The face of the package is covered by a close shot of the unit's fan grill. As you can see, the non-digital controlled AX units feature a plain fan grill instead of the specially designed grills the AXi PSUs use. Corsair apparently wanted to distinguish between the AX and AXi units by adding a visual token to their AXi line-up.
The Platinum badge can be found on the bottom, right corner, and we can find a small list with the most crucial features of the unit, namely the fully modular design and its quiet operation, in the opposite corner of the box. The model number is given in a large white and red font, while the model description is highlighted through a red backdrop.
Corsair provides a lot of information about the PSU on the back of the box. A list of all available cables/connectors and their length is given on top, and we find two tables with efficiency and fan-speed curves a little lower on the box. We were pretty amazed by the fan-speed graph according to which the fan only engages after the PSU reaches 70% load. Well, Corsair doesn't provide any information on the ambient under which the data for this graph was acquired. The ambient would, most likely, be close to a room's temperature (23°C). Finally, another interesting piece of information on this side of the box is the table that provides the rail's specifications.
A plain cardboard box is hiding under the external sleeving; it stores the PSU and its accessories. Once we opened the top flap, we found two leaflets, the AC power cord, the pouch that holds all modular cables, and the packing-foam sheets that protect the PSU.
A luxurious velvet bag and a nylon wrapping protect the PSU.
The bundle includes some zip ties, a set of fixing bolts, a chassis badge, an AC power cord, a user's manual, a warranty guide, and, finally, the modular cables.

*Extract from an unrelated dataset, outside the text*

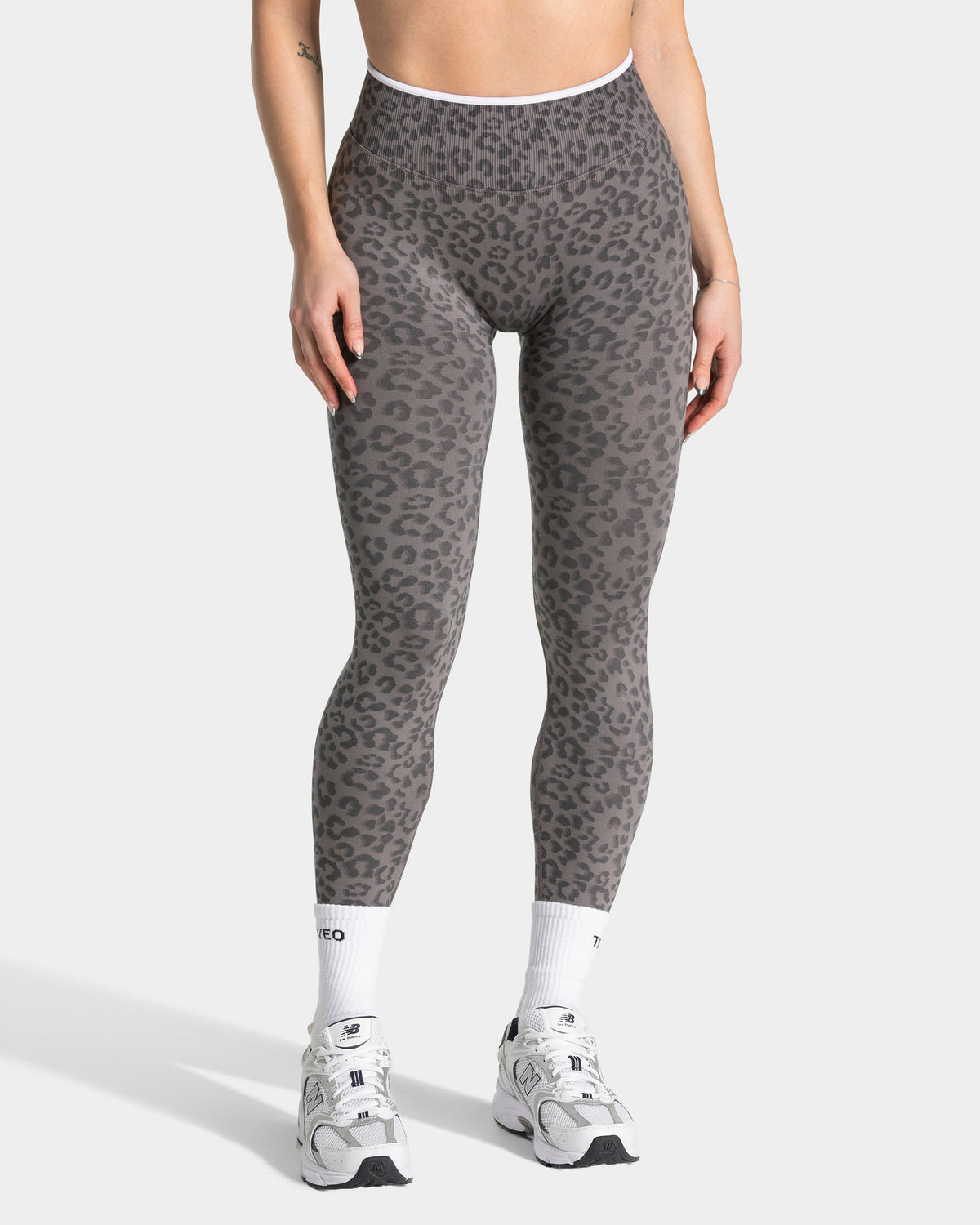Contrastline Sculpt Scrunch Leggings ‘Graphite Leopard’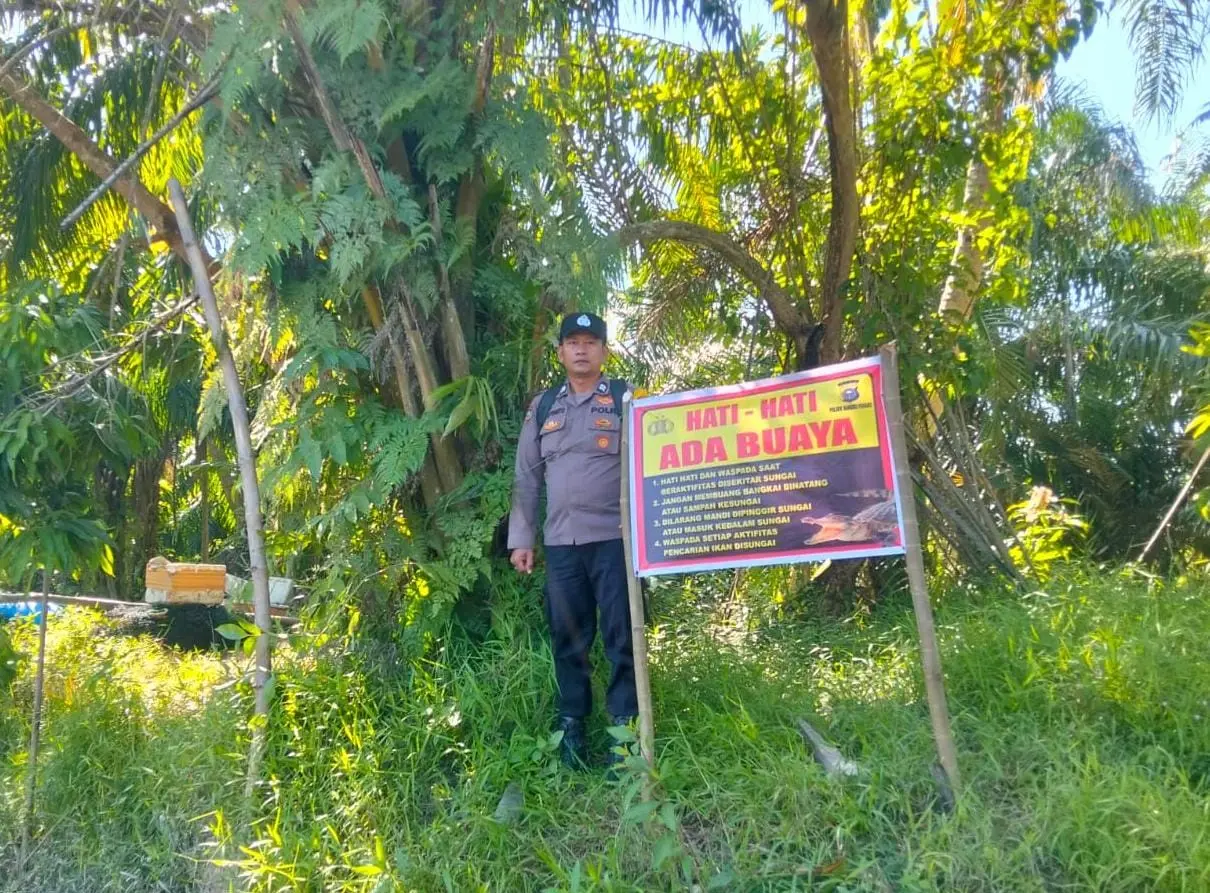rokan-hilir-police-install-crocodile-warning-signs-along-manasib-river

The fresh AX760 features a nice grayish finish, but Corsair unfortunately opted not to integrate their new fan-grill design into these models. They probably meant to keep a couple optical highlights specific to their more expensive AXi units. At the front, the classic honeycomb mesh is used, and the small on/off rocker switch is installed right next to the AC receptacle. Two plain decals that illustrate the model's number can be found on both sides, while the modular PCB and a small switch are at the back of the unit. The switch toggles between two modes: semi-fanless, which causes the fan to spin after a specific load level and ambient temperature has been reached and normal mode, which causes the fan to spin constantly. Finally, the power specifications label is installed on the bottom of the unit.